Yard Scene # 1

Brian Jones
  • Date: 1978
  • Medium: oil on canvas
  • Dimensions: 46 x 60.9 cm
  • Credit Line: Gift of Richard And Beryl Ivey, London, Ontario, 1989
  • Permanent Collection ID: 89.A.39

Yard Scene # 1

Brian Jones

Chatham-born artist Brian Jones decided to become a painter at age 18, when he read an article about Alex Colville in Canadian Magazine. Determined to achieve this goal, he moved to London, Ontario, where he enrolled in H.B. Beal Technical and CommercialHigh School and sold paintings to meet his $75 monthly rent.

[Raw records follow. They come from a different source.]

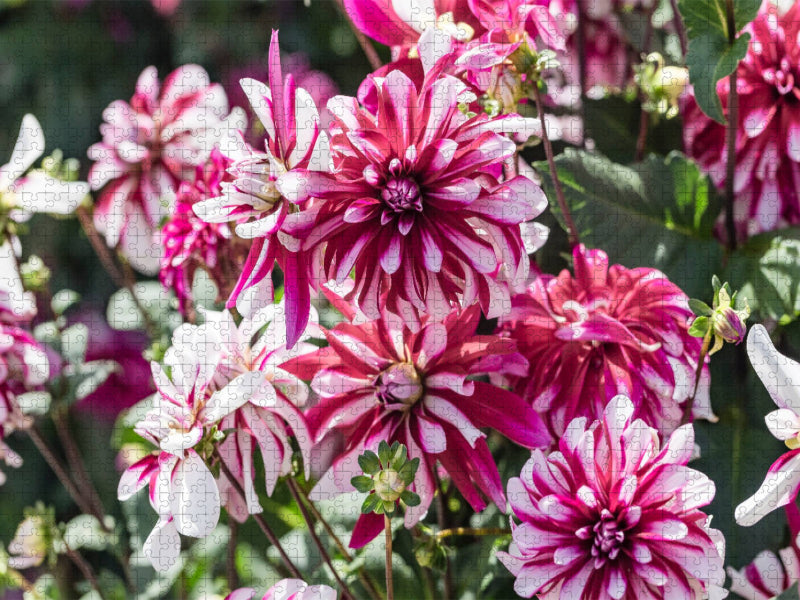 Dahlien - Prachtvolle Blüten des Spätsommers - CALVENDO Foto-Puzzle'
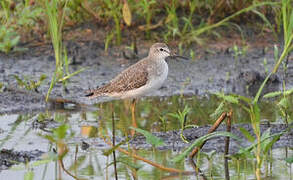 Lesser Yellowlegs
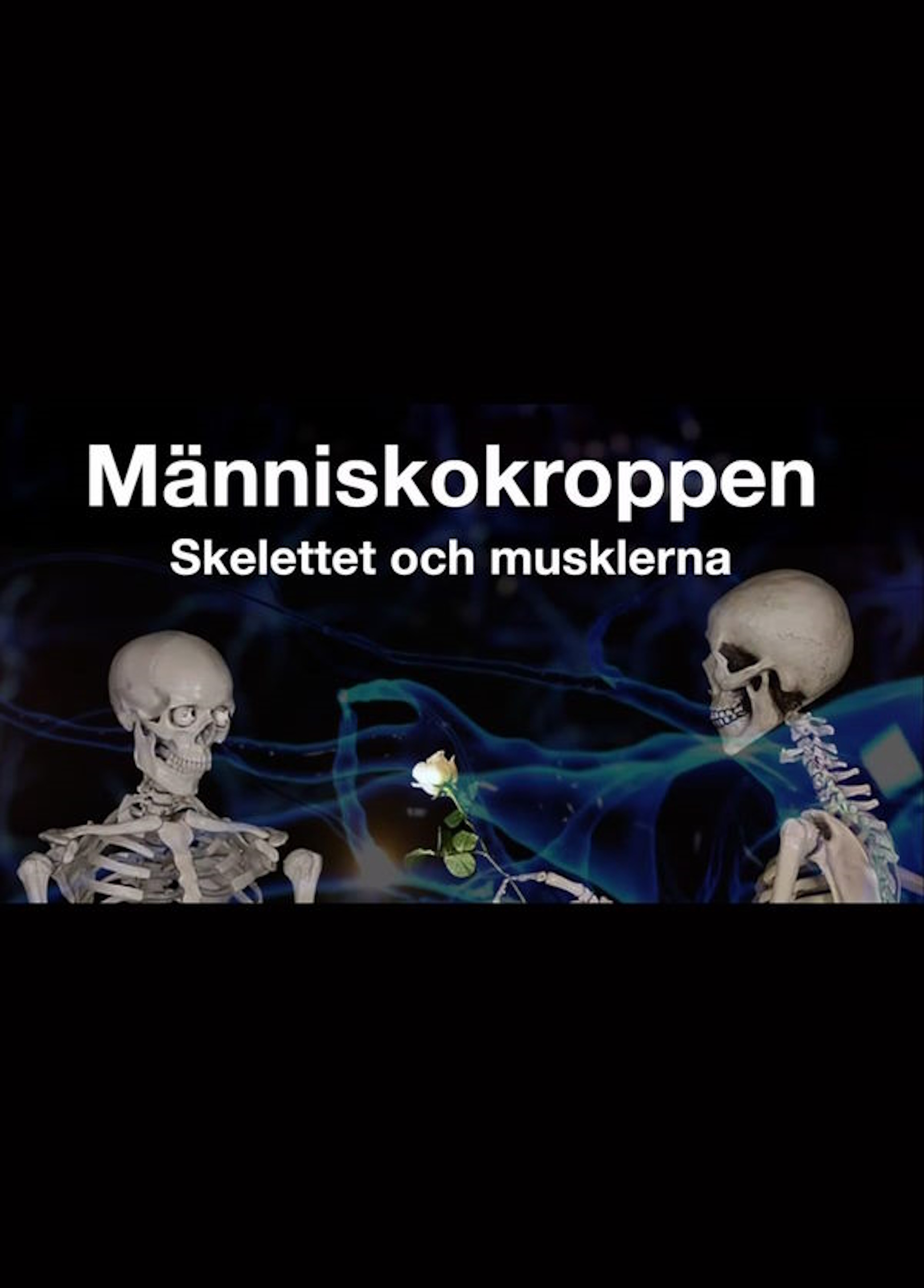 Beskrivende bilde relatert til innholdet i filmen "Menneskekroppen - skjelettet og musklene"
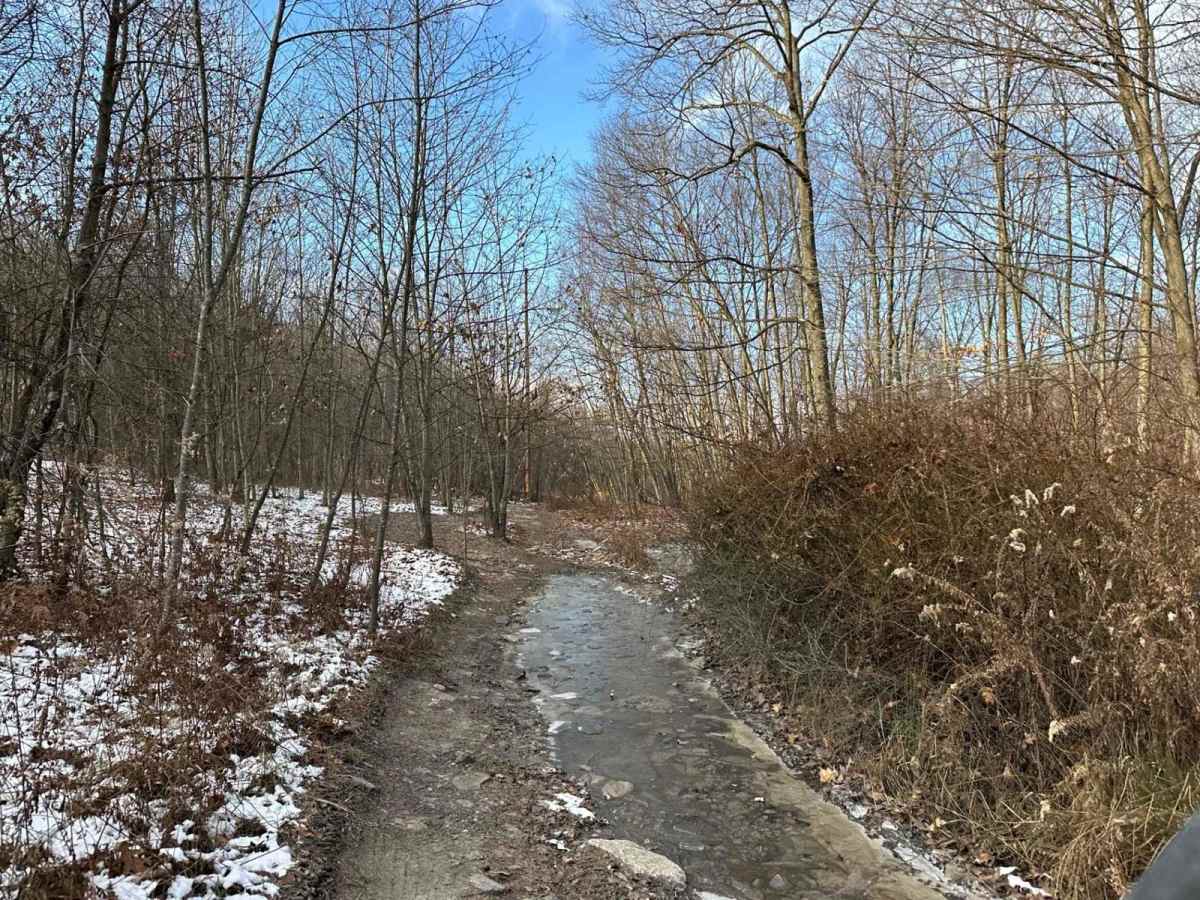 Locust Gap 18 photo 3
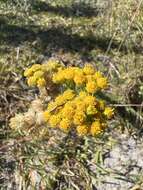 Image of Nidorella foetida (L.) DC.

Initially a photorealist, Jones apprenticed briefly with Jack Chambers. He gradually developed a more stylized approach that, through both elongation and expansion of the human figure, conveyed scenes of everyday life in Southwestern Ontario with gentle humour. Yard Scene #1 clearly demonstrates what Jones called his “Neighbours Style”: rounded human forms performing ordinary activities, their curving forms and reaching arms providing strong contrast to the uniform, hard-edged brick buildings they live in. Plants and trees are clearly cultivated, as if they are not permitted to grow in natural disorder. Shadows provide spatial depth but also flatten the painting with their strong graphic patterns. Even as it consoles viewers with its familiarity, this scene points out the rigidity of structures shaping urban life—structures that protect but perhaps also confine the life within.